FIG. 4A depicts a single touch point 401 and an arch pattern of
subsequent touch points 403 perform on a touch screen of a display.
The single touch point 401 can be the initial user action, and the
arch pattern of subsequent touch points 403 can be the second user
action that is performed about the pivot of single touch point 401
in a clockwise direction. For example, the combination of the touch
point 401 and the angular swiping action 403 can be configured to
result in an execution of a clockwise rotation of an image
presented on the touch screen display. FIG. 4B depicts two user
actions, a single touch point 405 and an arch pattern of subsequent
touch points 407, which when combined, can be configured to result
in, for example, an execution of a counter-clockwise rotation of an
image, in similar fashion as the clockwise rotation of the image
depicted in FIG. 4A. It is contemplated that the described user
actions may be utilized for any other function pertaining to the
rendered media content.
[0047] FIGS. 5A and 5B are diagrams of sequences of user actions
for invoking uploading and downloading functions, according to
various embodiments. FIG. 5A depicts a downward double column of
touch points 501 performed in a downward direction on a touch
screen. The downward double column of touch points 501 may be
configured to correspond to an execution of a download of image
content graphically depicted on the touch screen. For example, the
media content could be downloaded to the user device 101. FIG. 5B
depicts an upward double column of touch points 503 performed in an
upward direction on a touch screen. The upward double column of
touch points 503 may be configured to correspond to an execution of
an upload of media content displayed on the touch screen. For
example, an image could be uploaded to the user device 101, or to
any other device capable of performing such an upload.

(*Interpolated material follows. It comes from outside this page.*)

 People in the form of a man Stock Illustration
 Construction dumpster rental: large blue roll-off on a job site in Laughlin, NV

[0048] In certain embodiments, single columns of touch points in
downward, upward, or lateral directions, could be configured to
correspond to a function to apply, for example, scrolling or
searching functions to be applied to media.
[0049] FIG. 6 is a diagram of a sequence of user actions for
invoking a deletion function, according to an embodiment.

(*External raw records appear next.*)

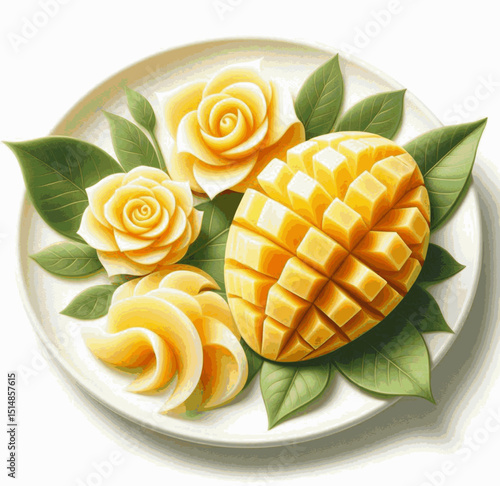 Sunlit Geometry Carved mango isolated watercolor vector illustration svg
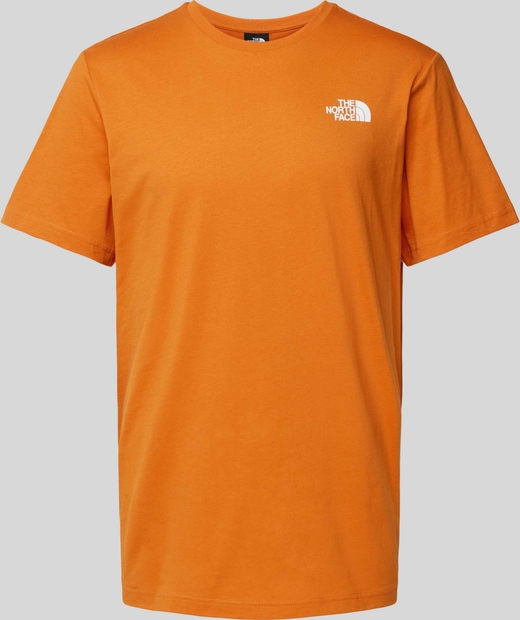 Pomarańczowy t-shirt The North Face w sportowym stylu z nadrukiem
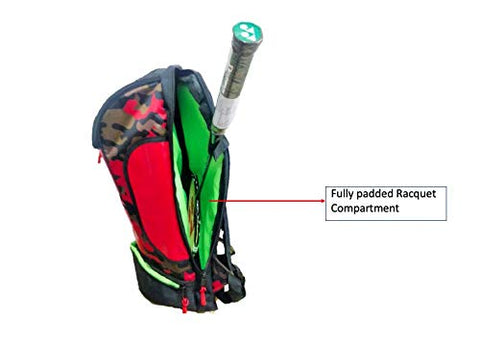Image of HeadTurners Pro Badminton Backpack Kitbag with Shoe Pocket (Red Camo, Black )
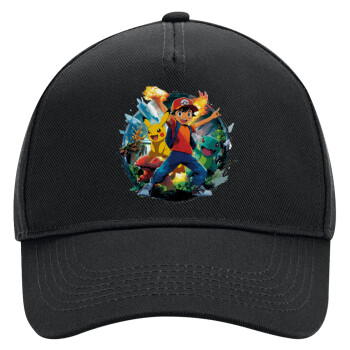 Ash Ketchum & Pikachu, Adult Ultimate Hat BLACK, (100% COTTON DRILL, ADULT, UNISEX, ONE SIZE)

Specifically, FIG. 6 depicts a first diagonal pattern of touch
points 601 and a second diagonal pattern of touch points 603
performed on a touch screen. In some embodiments, the first
diagonal pattern of touch points 601 and the second diagonal
pattern of touch points 603 crisscross. The combination of the
first diagonal pattern of touch points 601 and the second diagonal
pattern of touch points 603 may be configured to correspond to an
execution of a deletion of media content. In certain embodiments,
the second diagonal pattern of touch points 603 can be inputted
before the first diagonal pattern of touch points 601.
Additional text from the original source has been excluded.